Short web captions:
=== Begin Enclosure ===
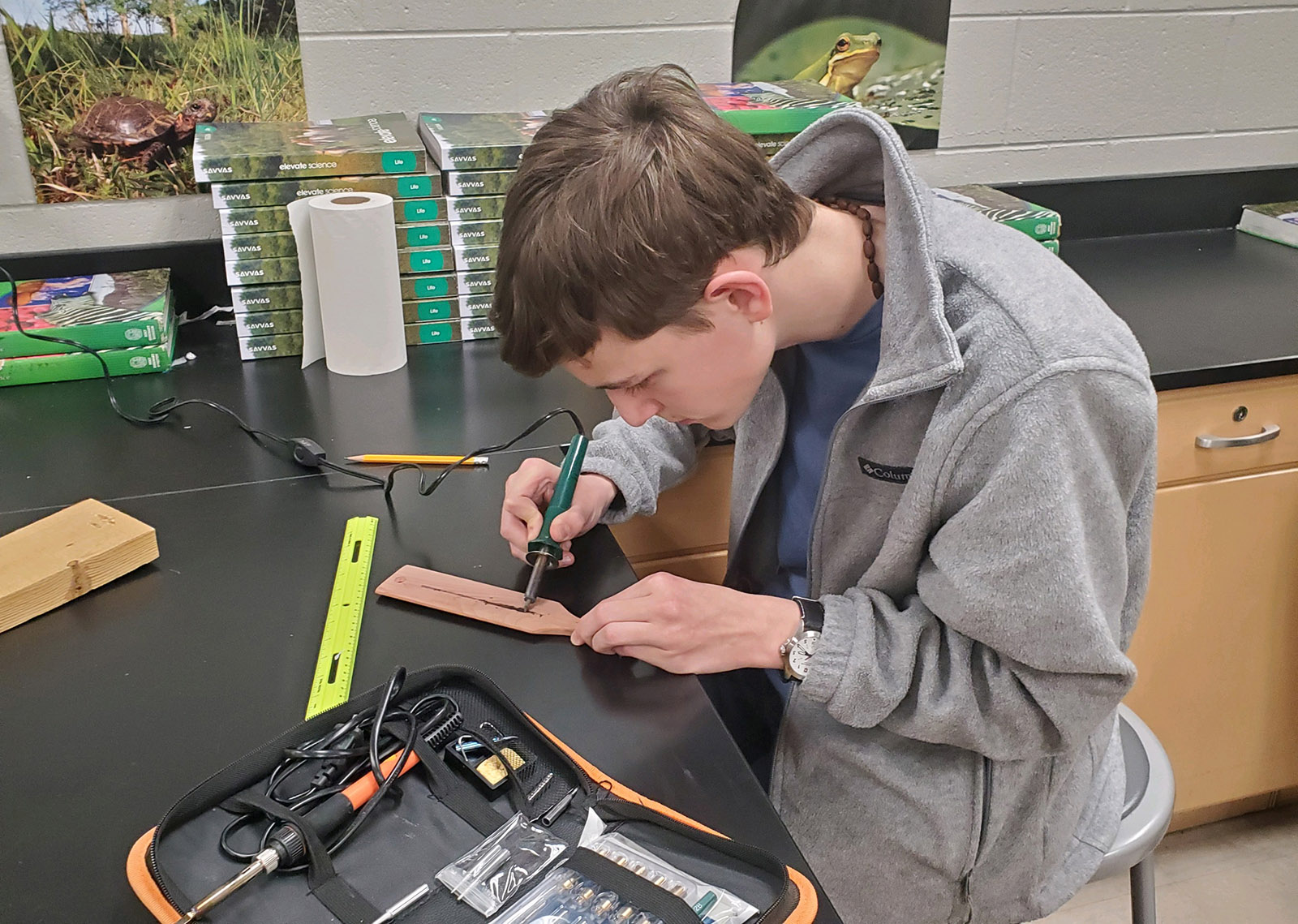 Photo d'un jeune homme à une table de travail, utilisant un outil à bois sur une palette d'appel à la dinde.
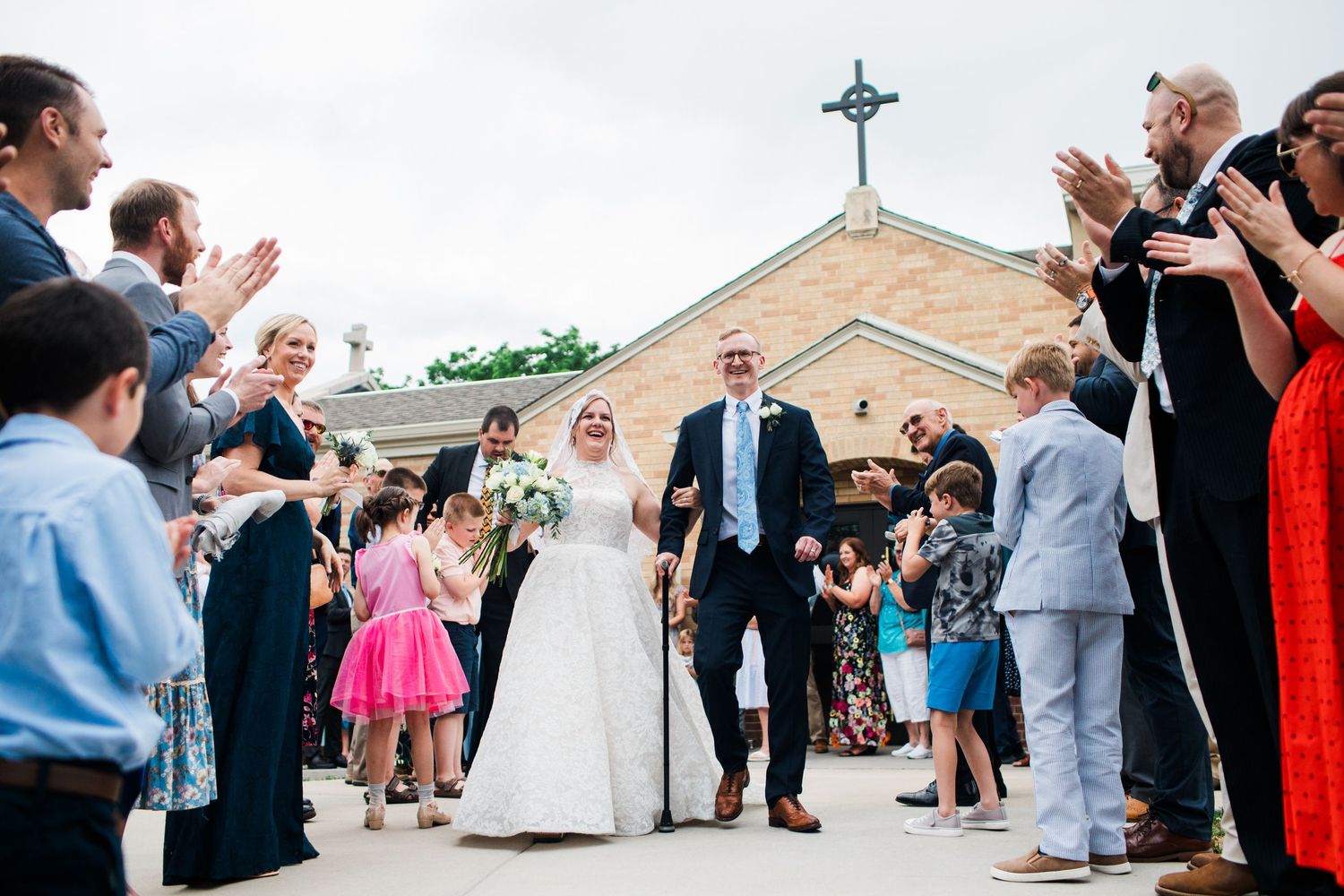 Newlyweds exit church through joyful crowd of guests clapping and celebrating their wedding recessional.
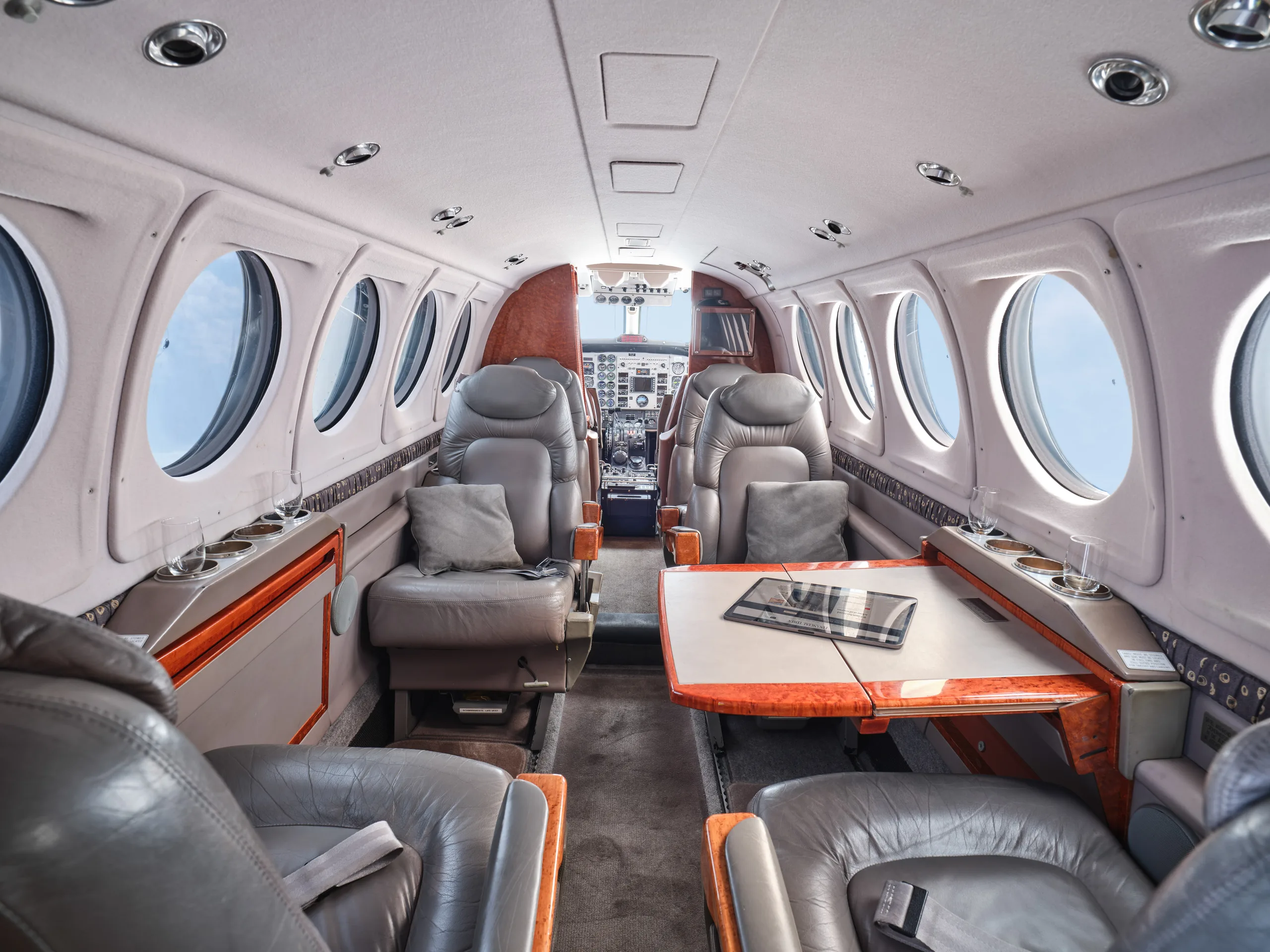 The luxurious cabin interior of an aircraft features grey leather seats, a wooden table, and a view into the cockpit.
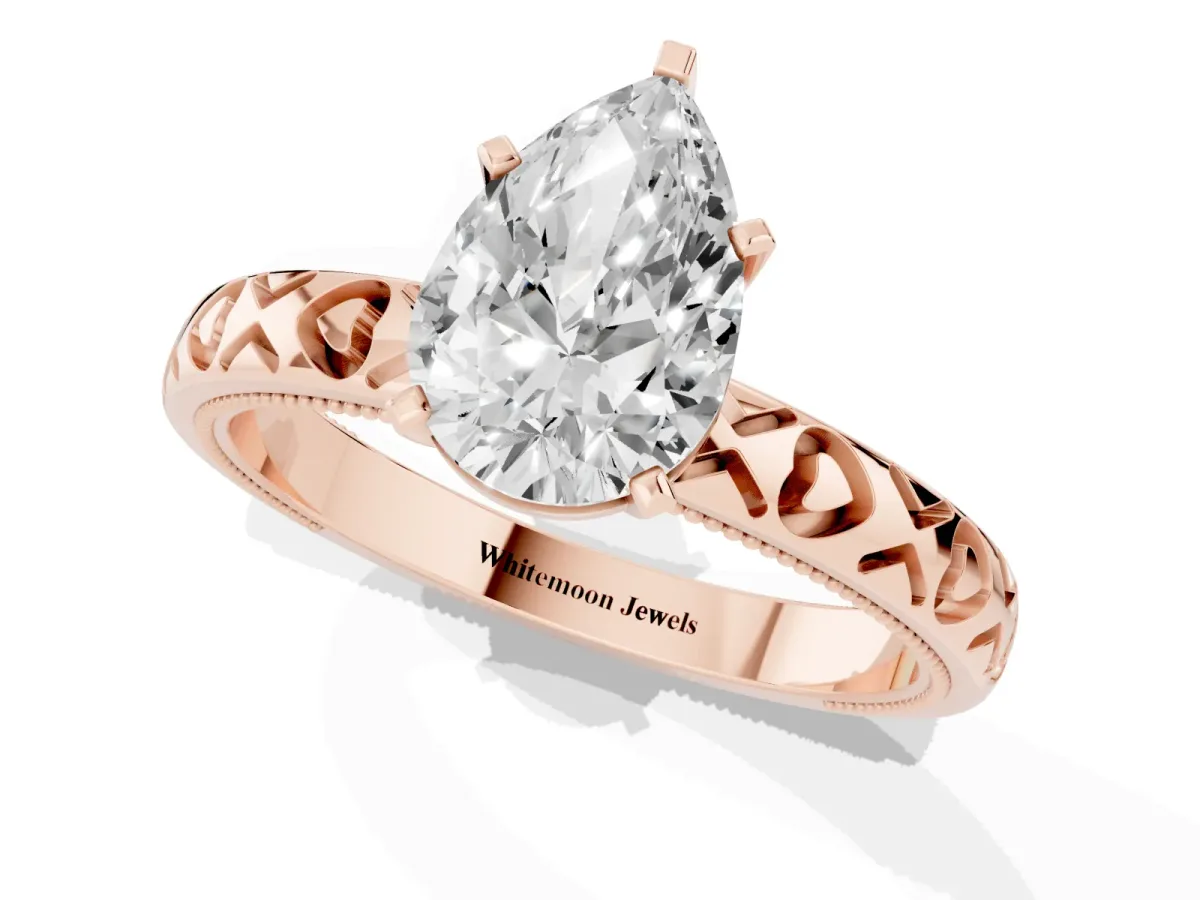 Pear Cut Solitaire Diamond Engagement Ring with XO Engraved Band and Four-Prong Setting Rose gold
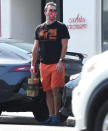 <p>Jon Hamm is seen wearing a Batman-inspired mask as he leaves an office building in Beverly Hills on Thursday.</p>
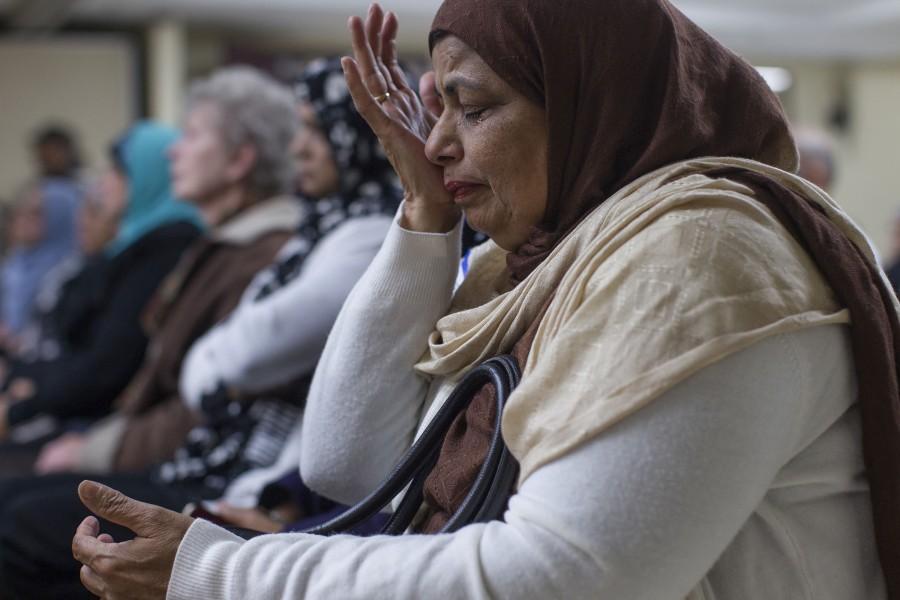 Nasreen Rehman is drawn to tears during an interfaith prayer service for the victims of the San Bernardino shooting rampage at the Islamic Center of Inland Empire in Rancho Cucamonga, Calif., on Saturday, Dec. 5, 2015. "I feel such overwhelming sadness for the victims and their families," Rehman said.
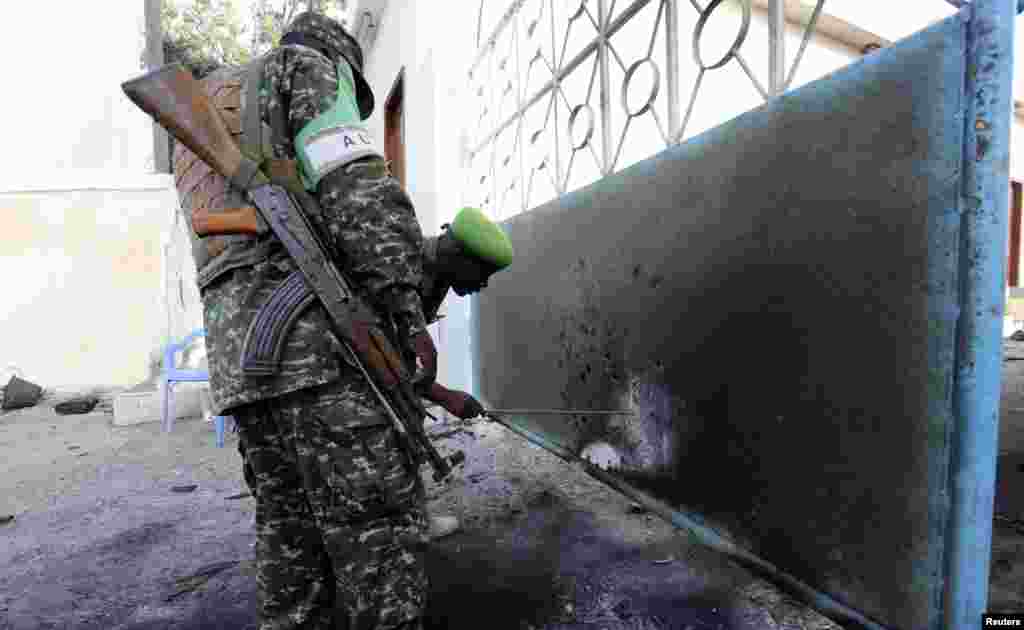 Soldiers serving in the African Union Mission in Somalia (AMISOM) assess the damage sustained during an attack at the presidential palace in Mogadishu, July 9, 2014.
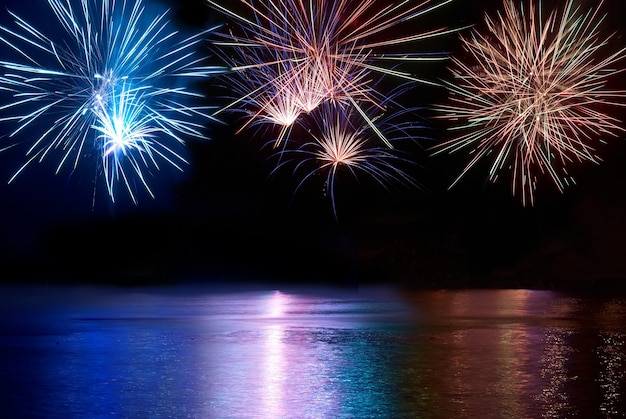 Blaues, rotes und weißes buntes Feuerwerk über dem Fluss. Feiertagsfeier.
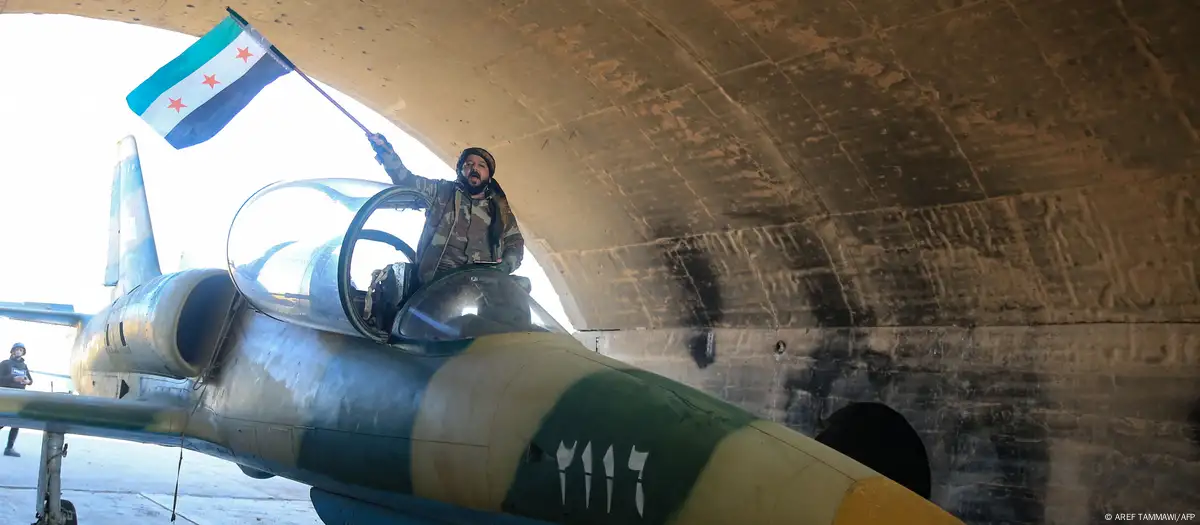 Un combatiente antigubernamental ondea una bandera de la oposición en la cabina de un avión militar del régimen sirio en el aeródromo militar de Kuweires, en la parte oriental de la provincia de Alepo, el domingo 01.12.2024. Imagen: AREF TAMMAWI/AFP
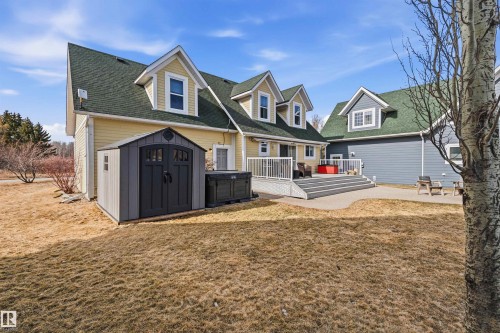 The property features a yellow exterior with a green roof, dormer windows, and a spacious deck - 17 Sunset Harbour, Rural Wetaskiwin County, AB - Outdoor With Deck Patio Veranda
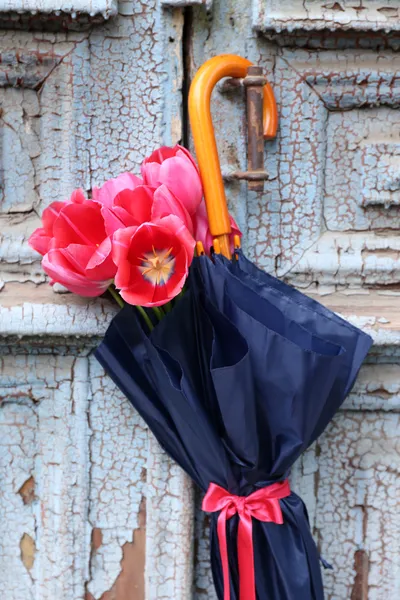 Schöne Tulpen im Sonnenschirm auf alten Holztüren — Stockfoto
=== End Enclosure ===
• [What you are asked to do]:
Your answer must be an exact copy of the records, minus any pictures.

• [Answer for the task]:
 Photo d'un jeune homme à une table de travail, utilisant un outil à bois sur une palette d'appel à la dinde.
 Newlyweds exit church through joyful crowd of guests clapping and celebrating their wedding recessional.
 The luxurious cabin interior of an aircraft features grey leather seats, a wooden table, and a view into the cockpit.
 Pear Cut Solitaire Diamond Engagement Ring with XO Engraved Band and Four-Prong Setting Rose gold
 <p>Jon Hamm is seen wearing a Batman-inspired mask as he leaves an office building in Beverly Hills on Thursday.</p>
 Nasreen Rehman is drawn to tears during an interfaith prayer service for the victims of the San Bernardino shooting rampage at the Islamic Center of Inland Empire in Rancho Cucamonga, Calif., on Saturday, Dec. 5, 2015. "I feel such overwhelming sadness for the victims and their families," Rehman said.
 Soldiers serving in the African Union Mission in Somalia (AMISOM) assess the damage sustained during an attack at the presidential palace in Mogadishu, July 9, 2014.
 Blaues, rotes und weißes buntes Feuerwerk über dem Fluss. Feiertagsfeier.
 Un combatiente antigubernamental ondea una bandera de la oposición en la cabina de un avión militar del régimen sirio en el aeródromo militar de Kuweires, en la parte oriental de la provincia de Alepo, el domingo 01.12.2024. Imagen: AREF TAMMAWI/AFP
 The property features a yellow exterior with a green roof, dormer windows, and a spacious deck - 17 Sunset Harbour, Rural Wetaskiwin County, AB - Outdoor With Deck Patio Veranda
 Schöne Tulpen im Sonnenschirm auf alten Holztüren — Stockfoto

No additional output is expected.